[Data extracted from a collection]
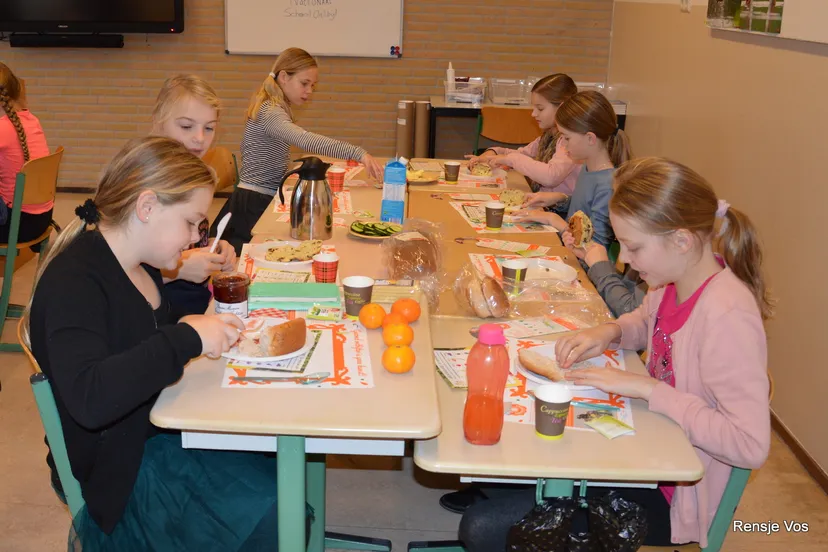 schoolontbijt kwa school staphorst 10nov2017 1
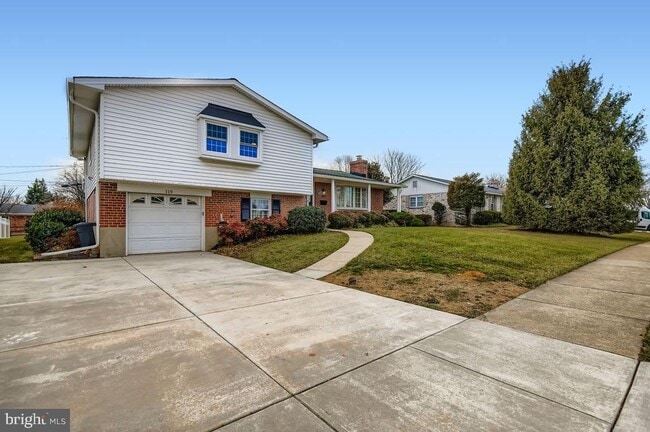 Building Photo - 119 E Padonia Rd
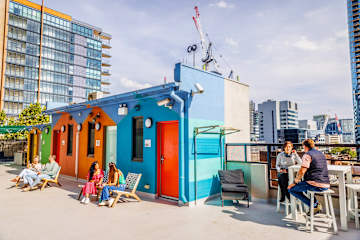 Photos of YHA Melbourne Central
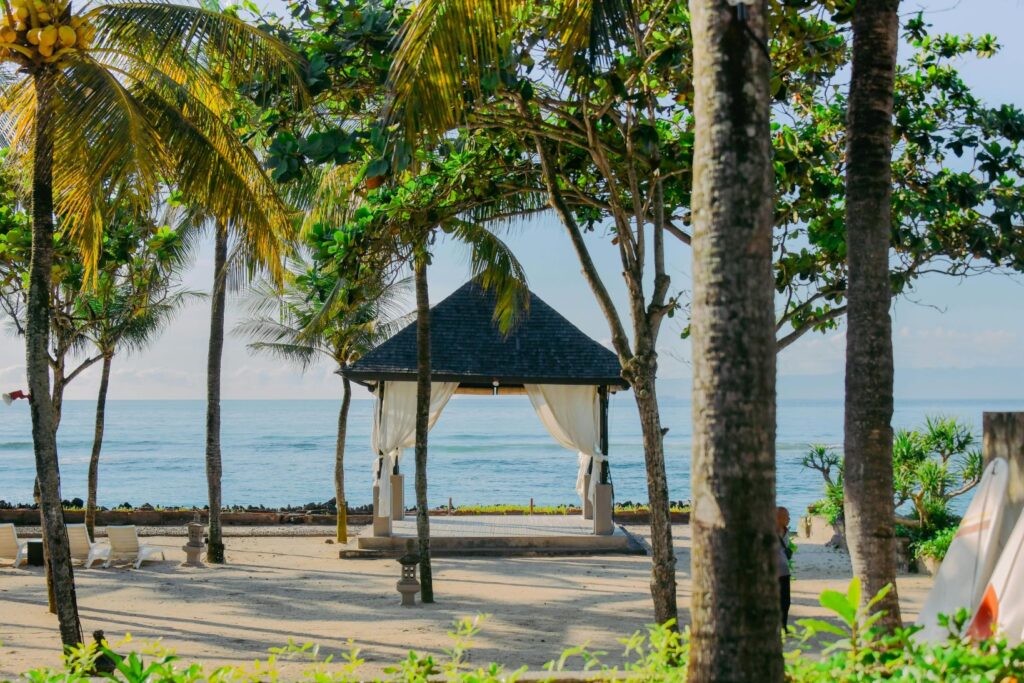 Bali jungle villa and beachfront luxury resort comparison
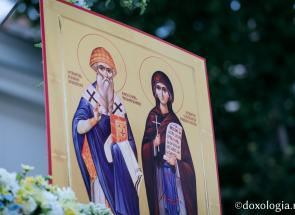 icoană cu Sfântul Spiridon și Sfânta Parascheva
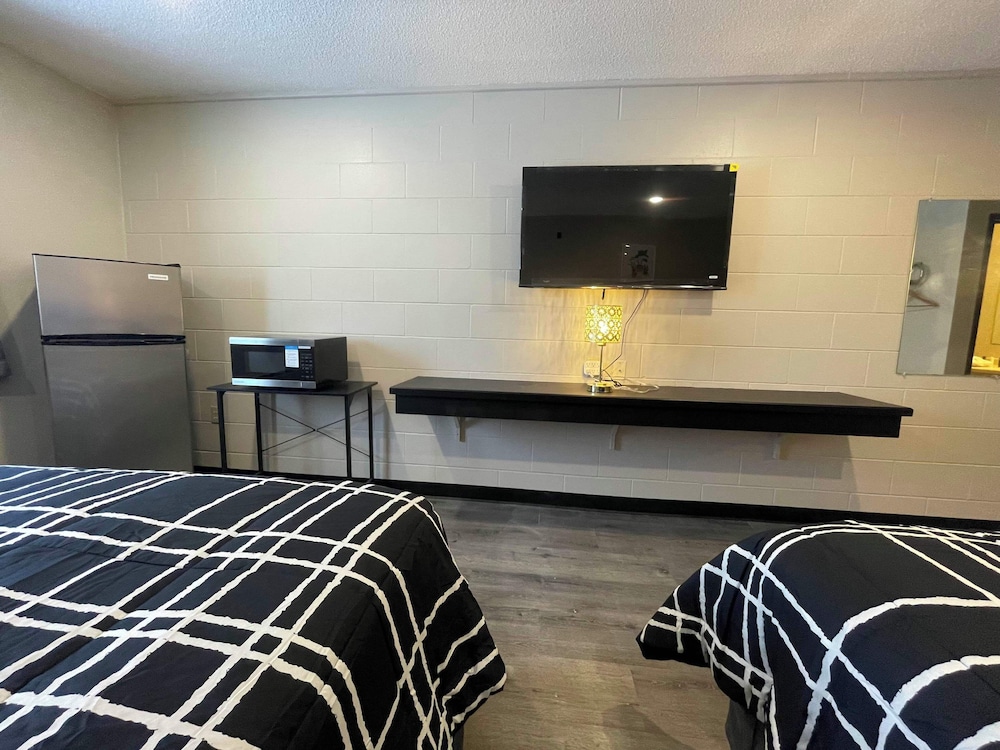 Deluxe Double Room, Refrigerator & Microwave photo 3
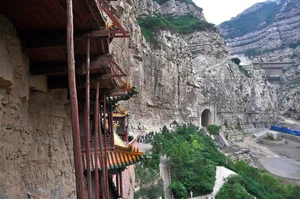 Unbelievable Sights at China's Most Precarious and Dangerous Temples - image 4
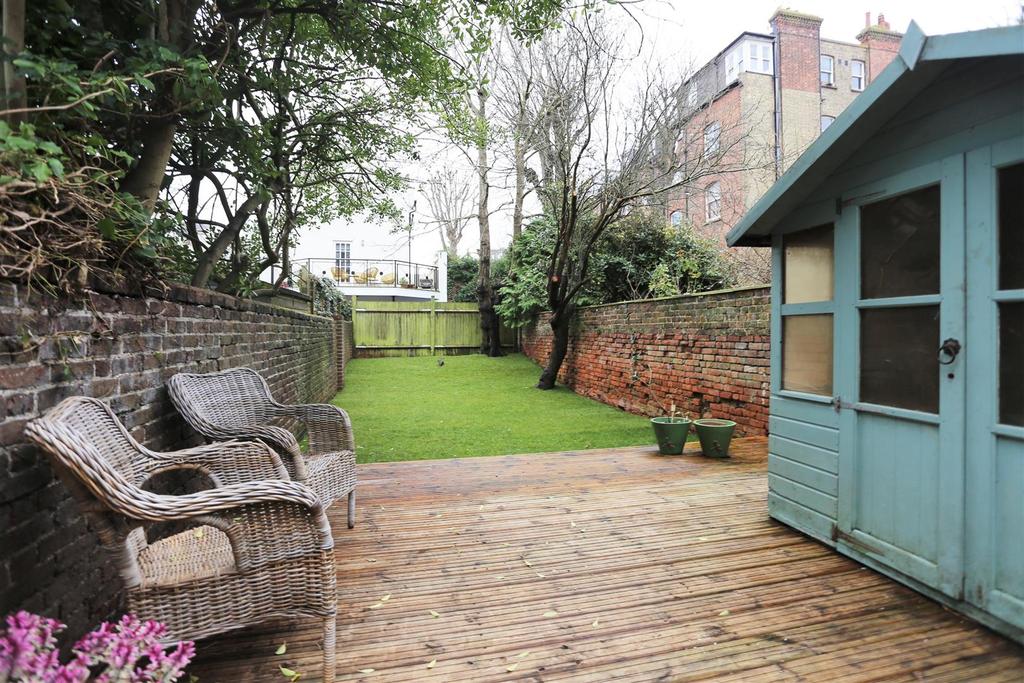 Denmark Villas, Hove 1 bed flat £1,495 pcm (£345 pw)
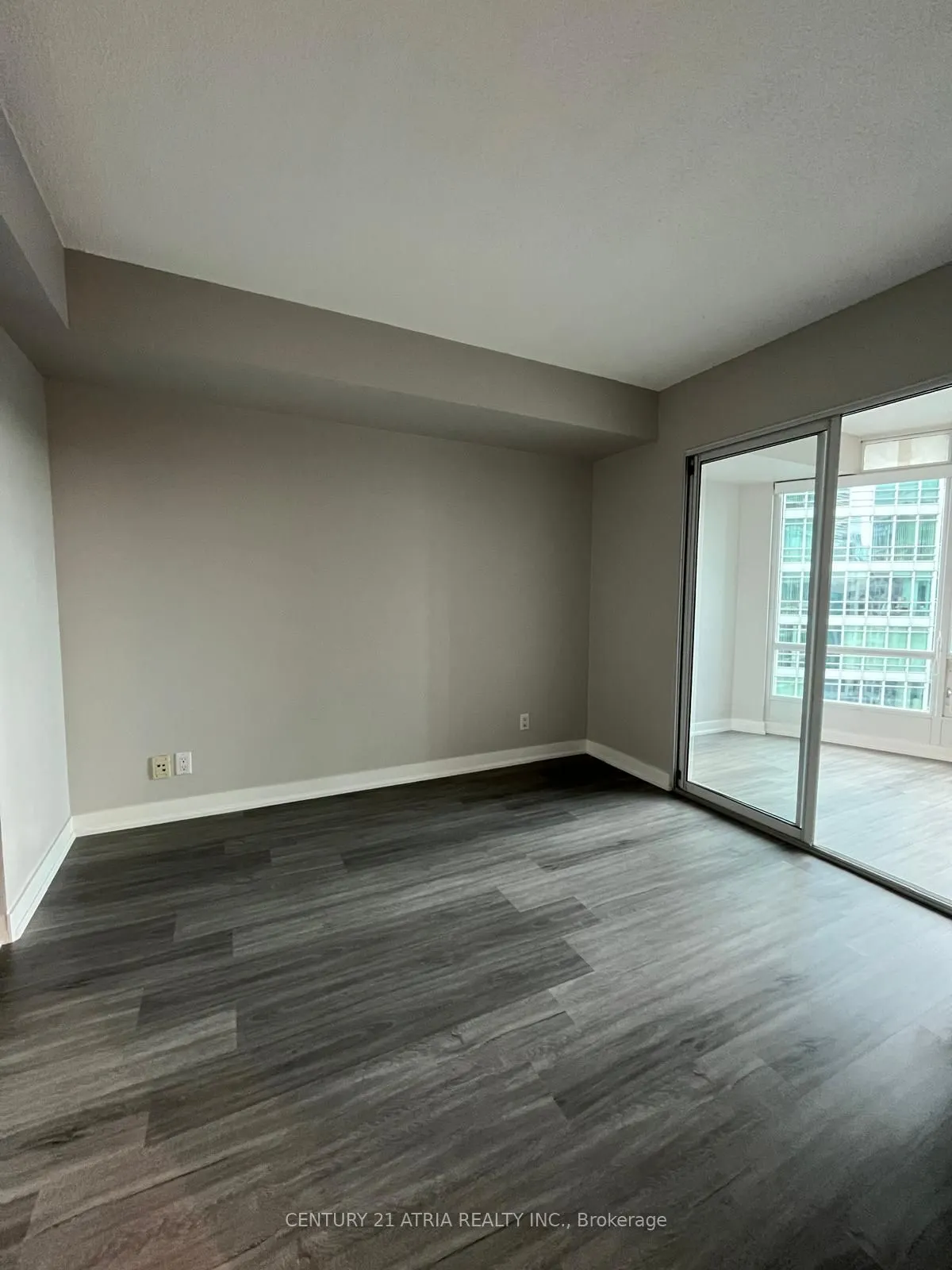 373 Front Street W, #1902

> _Work item_
Reproduce the data above exactly, leaving out any picture in it.

> _Response area_
 schoolontbijt kwa school staphorst 10nov2017 1
 Building Photo - 119 E Padonia Rd
 Photos of YHA Melbourne Central
 Bali jungle villa and beachfront luxury resort comparison
 icoană cu Sfântul Spiridon și Sfânta Parascheva
 Deluxe Double Room, Refrigerator & Microwave photo 3
 Unbelievable Sights at China's Most Precarious and Dangerous Temples - image 4
 Denmark Villas, Hove 1 bed flat £1,495 pcm (£345 pw)
 373 Front Street W, #1902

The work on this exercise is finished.